EXERCISE >> Nothing but the lines from the one with "Apartment - Resale - Marbella - Las Chapas" through the end of the material should be retyped, word for word and without pictures.

DATASET CONTENT >>
Segment Open

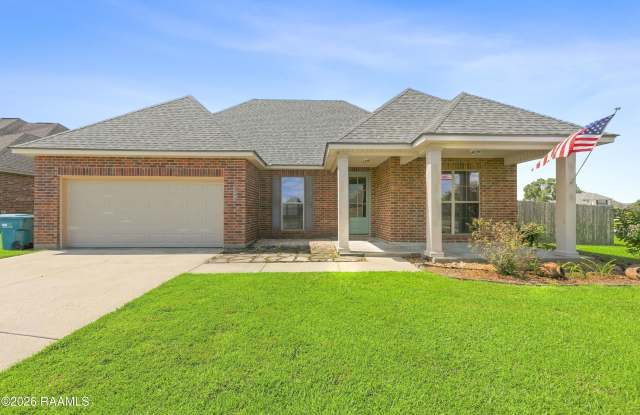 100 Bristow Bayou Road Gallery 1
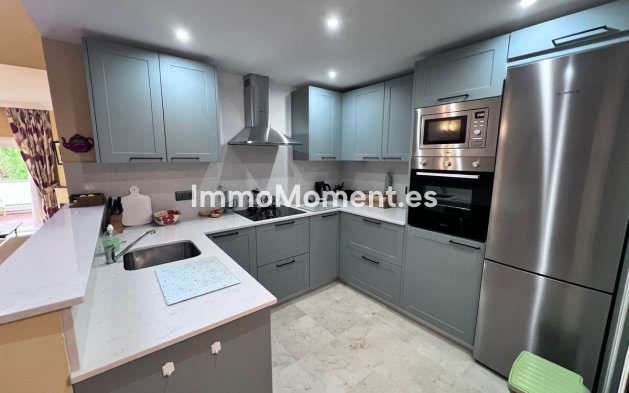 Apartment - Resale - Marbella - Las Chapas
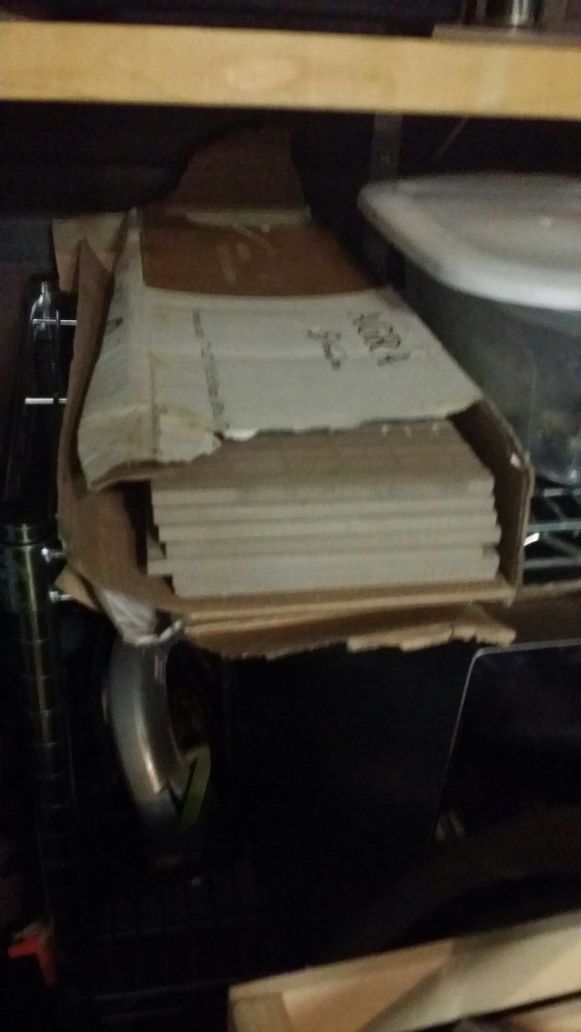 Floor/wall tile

Segment Closed

COMPLETED TASK >>
 Apartment - Resale - Marbella - Las Chapas
 Floor/wall tile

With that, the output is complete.